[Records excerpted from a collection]
=== Section Start ===
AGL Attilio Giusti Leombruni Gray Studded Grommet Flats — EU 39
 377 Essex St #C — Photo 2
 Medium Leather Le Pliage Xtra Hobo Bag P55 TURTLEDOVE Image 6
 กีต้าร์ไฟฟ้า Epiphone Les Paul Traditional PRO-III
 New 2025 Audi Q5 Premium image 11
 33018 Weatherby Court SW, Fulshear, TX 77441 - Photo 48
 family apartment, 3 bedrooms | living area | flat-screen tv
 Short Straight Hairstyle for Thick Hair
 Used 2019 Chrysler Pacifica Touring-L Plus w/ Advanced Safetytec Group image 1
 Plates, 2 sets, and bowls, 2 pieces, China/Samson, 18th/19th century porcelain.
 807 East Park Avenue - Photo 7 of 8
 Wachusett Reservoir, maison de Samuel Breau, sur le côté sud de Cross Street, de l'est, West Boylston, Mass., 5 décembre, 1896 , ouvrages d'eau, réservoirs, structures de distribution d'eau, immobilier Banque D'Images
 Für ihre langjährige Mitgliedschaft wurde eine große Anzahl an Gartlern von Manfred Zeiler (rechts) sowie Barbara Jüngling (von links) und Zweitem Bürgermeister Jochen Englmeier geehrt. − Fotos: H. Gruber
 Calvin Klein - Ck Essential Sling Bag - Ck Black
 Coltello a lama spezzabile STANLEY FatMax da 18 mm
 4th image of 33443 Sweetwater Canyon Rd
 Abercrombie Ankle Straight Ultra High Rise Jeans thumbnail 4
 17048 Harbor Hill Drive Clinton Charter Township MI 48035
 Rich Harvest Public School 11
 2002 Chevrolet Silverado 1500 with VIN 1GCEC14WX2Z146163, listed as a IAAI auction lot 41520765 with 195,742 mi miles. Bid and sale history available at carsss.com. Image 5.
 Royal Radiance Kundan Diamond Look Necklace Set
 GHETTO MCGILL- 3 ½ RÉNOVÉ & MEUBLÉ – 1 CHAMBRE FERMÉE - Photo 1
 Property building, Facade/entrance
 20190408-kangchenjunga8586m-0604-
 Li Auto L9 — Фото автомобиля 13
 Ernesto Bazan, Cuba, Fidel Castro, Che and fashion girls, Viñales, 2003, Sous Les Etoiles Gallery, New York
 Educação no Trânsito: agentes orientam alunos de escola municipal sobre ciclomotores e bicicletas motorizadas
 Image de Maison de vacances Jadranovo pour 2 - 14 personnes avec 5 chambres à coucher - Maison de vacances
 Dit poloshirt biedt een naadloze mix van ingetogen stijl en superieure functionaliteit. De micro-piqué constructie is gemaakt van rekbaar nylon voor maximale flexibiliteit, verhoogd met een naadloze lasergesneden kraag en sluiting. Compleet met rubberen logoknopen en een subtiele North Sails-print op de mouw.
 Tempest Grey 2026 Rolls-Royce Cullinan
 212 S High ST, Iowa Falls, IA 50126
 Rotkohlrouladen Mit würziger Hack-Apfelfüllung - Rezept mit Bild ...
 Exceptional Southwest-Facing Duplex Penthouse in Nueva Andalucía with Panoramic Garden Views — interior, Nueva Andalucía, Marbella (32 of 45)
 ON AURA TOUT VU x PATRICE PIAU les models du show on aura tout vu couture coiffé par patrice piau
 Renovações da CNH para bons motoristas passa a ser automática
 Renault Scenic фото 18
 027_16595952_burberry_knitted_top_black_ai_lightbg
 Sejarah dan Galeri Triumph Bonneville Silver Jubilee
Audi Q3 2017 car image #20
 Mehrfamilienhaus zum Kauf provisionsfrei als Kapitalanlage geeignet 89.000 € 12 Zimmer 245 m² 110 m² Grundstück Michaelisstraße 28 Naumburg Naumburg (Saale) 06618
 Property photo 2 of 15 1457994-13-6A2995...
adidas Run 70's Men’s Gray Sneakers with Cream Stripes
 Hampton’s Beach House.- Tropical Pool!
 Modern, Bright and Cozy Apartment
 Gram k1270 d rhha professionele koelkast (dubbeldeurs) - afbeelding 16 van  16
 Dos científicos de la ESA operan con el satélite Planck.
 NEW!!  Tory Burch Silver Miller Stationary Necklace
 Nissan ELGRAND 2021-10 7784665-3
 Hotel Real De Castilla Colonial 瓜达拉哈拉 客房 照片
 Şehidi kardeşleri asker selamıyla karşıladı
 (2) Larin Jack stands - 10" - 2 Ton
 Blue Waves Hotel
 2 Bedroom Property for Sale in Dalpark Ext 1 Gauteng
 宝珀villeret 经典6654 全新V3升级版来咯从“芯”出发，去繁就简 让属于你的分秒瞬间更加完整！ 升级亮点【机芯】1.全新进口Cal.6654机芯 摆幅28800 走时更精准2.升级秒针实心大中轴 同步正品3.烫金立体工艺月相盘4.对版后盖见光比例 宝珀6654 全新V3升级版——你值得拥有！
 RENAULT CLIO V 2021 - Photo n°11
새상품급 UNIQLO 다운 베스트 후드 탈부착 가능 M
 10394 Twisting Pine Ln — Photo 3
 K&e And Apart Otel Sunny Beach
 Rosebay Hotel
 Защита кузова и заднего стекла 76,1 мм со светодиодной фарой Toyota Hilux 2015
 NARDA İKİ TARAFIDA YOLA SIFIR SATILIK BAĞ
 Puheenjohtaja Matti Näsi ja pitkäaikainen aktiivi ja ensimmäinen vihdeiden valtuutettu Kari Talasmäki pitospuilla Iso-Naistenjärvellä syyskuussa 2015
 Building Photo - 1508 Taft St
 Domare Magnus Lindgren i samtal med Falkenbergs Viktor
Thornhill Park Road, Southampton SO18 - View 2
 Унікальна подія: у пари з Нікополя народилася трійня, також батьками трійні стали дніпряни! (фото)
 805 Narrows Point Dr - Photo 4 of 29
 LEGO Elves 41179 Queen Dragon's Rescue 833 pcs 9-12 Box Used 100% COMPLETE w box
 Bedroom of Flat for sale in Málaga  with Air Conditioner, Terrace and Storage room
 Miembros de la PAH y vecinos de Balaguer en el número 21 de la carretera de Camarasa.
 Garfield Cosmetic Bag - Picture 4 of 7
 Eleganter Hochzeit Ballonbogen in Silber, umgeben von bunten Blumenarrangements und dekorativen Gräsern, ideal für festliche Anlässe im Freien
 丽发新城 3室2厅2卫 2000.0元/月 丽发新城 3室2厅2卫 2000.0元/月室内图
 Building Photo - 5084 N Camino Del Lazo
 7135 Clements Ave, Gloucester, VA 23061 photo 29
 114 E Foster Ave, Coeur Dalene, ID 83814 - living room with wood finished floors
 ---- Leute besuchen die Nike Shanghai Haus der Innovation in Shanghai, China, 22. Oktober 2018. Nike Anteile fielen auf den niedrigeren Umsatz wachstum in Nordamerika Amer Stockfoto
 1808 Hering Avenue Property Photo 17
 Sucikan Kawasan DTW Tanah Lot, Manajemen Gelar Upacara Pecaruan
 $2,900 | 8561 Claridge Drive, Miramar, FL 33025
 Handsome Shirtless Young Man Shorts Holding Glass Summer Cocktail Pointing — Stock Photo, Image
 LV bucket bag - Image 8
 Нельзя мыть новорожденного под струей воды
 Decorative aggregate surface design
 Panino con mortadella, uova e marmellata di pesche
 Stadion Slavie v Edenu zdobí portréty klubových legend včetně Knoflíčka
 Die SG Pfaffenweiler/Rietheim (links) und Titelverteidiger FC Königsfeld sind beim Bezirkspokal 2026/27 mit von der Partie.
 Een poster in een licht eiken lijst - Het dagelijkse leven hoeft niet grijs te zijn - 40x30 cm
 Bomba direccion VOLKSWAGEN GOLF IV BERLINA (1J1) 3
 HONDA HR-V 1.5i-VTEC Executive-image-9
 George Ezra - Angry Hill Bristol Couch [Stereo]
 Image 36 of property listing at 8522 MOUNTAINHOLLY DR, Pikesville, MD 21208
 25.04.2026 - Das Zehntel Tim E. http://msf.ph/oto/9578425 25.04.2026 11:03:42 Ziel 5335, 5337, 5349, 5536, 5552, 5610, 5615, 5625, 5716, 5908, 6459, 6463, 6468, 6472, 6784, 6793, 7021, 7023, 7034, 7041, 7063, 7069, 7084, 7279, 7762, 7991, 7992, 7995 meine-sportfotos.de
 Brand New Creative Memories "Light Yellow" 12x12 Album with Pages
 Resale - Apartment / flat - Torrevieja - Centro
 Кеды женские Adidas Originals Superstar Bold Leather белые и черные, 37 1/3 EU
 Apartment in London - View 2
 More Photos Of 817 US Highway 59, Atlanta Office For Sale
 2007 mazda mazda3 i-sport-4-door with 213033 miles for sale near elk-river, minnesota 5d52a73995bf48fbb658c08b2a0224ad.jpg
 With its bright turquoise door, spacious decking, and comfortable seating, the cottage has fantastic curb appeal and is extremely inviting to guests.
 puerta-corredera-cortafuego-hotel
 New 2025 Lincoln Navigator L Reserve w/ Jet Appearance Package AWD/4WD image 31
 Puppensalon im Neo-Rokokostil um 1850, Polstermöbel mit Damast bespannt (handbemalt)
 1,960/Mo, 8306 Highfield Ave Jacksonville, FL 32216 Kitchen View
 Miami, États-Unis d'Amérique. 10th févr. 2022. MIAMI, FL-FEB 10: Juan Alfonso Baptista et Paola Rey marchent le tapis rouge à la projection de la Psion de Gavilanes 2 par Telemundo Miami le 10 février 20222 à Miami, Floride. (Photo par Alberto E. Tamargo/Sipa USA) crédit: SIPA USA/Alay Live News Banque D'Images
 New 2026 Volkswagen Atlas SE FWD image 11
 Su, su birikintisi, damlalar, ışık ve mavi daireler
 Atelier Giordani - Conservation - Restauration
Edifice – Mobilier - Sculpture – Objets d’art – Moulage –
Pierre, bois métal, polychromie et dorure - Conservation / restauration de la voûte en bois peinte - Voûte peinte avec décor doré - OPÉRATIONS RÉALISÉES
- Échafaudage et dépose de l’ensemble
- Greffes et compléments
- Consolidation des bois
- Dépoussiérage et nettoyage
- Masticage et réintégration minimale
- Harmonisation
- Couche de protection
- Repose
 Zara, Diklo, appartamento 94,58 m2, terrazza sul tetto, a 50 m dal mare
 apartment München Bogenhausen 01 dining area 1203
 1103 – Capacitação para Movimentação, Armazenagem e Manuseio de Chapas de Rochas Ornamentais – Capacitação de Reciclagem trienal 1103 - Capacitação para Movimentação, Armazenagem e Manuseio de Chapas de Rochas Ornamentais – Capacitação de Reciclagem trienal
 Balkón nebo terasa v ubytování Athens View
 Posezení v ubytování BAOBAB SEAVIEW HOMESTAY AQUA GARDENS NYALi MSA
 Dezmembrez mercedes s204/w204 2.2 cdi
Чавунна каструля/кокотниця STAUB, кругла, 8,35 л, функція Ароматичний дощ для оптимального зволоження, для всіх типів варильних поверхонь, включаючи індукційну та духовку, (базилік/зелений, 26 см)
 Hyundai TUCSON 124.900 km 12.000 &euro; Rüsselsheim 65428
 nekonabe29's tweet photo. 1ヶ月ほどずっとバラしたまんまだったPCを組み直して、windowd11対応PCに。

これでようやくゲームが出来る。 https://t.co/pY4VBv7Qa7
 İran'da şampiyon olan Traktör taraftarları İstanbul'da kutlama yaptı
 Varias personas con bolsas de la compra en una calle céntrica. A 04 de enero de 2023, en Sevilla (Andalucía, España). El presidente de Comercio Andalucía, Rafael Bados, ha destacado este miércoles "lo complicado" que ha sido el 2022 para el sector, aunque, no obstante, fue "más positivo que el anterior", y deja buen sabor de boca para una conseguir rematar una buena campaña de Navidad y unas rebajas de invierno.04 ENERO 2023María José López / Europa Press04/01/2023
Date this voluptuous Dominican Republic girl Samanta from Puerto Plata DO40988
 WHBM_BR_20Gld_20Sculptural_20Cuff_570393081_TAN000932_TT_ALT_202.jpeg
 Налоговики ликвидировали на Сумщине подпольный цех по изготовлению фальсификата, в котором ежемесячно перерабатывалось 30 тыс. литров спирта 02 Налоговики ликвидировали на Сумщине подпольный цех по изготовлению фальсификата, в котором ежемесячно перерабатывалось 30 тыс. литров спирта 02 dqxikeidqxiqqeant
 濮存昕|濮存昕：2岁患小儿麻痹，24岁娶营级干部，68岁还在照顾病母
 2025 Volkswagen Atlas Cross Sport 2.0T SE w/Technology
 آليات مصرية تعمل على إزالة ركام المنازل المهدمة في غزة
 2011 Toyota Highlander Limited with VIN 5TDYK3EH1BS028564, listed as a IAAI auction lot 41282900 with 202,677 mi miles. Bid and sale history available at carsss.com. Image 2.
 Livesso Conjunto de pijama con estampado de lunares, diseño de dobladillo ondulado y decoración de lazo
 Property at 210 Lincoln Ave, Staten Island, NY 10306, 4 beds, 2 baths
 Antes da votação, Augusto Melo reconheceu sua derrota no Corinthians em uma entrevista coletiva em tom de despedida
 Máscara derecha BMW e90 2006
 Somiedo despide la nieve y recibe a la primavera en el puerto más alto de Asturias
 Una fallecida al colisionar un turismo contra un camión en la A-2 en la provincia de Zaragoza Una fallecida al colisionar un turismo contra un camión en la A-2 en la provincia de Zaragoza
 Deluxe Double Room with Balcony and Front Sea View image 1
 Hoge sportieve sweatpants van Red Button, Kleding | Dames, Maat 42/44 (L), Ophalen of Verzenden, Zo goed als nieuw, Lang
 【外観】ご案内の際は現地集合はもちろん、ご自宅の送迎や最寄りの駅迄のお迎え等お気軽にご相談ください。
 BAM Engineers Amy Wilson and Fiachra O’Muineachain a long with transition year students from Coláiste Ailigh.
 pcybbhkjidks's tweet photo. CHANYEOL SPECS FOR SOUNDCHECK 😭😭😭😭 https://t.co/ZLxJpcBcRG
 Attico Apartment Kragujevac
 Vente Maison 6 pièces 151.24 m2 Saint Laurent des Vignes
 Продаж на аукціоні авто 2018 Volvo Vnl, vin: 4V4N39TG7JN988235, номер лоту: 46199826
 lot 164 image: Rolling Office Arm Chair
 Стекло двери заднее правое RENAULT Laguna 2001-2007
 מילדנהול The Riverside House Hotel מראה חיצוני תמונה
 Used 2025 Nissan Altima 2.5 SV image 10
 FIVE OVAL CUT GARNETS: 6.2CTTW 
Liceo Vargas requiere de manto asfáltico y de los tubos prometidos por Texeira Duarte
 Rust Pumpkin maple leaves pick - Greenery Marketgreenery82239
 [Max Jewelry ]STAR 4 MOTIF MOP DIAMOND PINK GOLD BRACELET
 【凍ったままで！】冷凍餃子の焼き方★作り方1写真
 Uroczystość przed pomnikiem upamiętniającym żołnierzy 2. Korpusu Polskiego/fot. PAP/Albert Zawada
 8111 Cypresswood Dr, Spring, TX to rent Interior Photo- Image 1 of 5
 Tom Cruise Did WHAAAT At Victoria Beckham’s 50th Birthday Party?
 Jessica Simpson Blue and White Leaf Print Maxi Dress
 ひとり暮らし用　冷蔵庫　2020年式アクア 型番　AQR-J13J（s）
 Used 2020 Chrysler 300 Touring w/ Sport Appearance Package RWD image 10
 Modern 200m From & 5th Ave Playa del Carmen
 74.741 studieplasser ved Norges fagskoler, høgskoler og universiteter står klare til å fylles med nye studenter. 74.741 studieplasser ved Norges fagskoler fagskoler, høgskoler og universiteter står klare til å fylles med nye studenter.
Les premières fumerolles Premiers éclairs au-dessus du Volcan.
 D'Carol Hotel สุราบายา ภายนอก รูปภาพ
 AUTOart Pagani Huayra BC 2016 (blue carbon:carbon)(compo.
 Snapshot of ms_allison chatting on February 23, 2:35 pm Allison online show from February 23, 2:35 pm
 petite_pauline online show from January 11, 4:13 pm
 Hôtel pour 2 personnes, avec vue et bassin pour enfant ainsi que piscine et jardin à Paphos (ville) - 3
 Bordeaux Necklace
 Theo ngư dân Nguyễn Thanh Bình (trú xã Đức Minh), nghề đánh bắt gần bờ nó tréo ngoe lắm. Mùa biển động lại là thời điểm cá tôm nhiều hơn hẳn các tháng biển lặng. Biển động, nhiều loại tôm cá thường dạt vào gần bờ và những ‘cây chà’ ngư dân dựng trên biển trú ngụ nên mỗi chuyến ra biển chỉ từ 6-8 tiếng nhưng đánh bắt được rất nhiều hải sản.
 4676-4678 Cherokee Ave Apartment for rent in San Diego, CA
=== Section End ===
» What is being asked: What you return must be the lines above that run from the line with "Hoge sportieve sweatpants" to the line with "Продаж на аукціоні", inclusive, each copied exactly.

» Answer section:
 Hoge sportieve sweatpants van Red Button, Kleding | Dames, Maat 42/44 (L), Ophalen of Verzenden, Zo goed als nieuw, Lang
 【外観】ご案内の際は現地集合はもちろん、ご自宅の送迎や最寄りの駅迄のお迎え等お気軽にご相談ください。
 BAM Engineers Amy Wilson and Fiachra O’Muineachain a long with transition year students from Coláiste Ailigh.
 pcybbhkjidks's tweet photo. CHANYEOL SPECS FOR SOUNDCHECK 😭😭😭😭 https://t.co/ZLxJpcBcRG
 Attico Apartment Kragujevac
 Vente Maison 6 pièces 151.24 m2 Saint Laurent des Vignes
 Продаж на аукціоні авто 2018 Volvo Vnl, vin: 4V4N39TG7JN988235, номер лоту: 46199826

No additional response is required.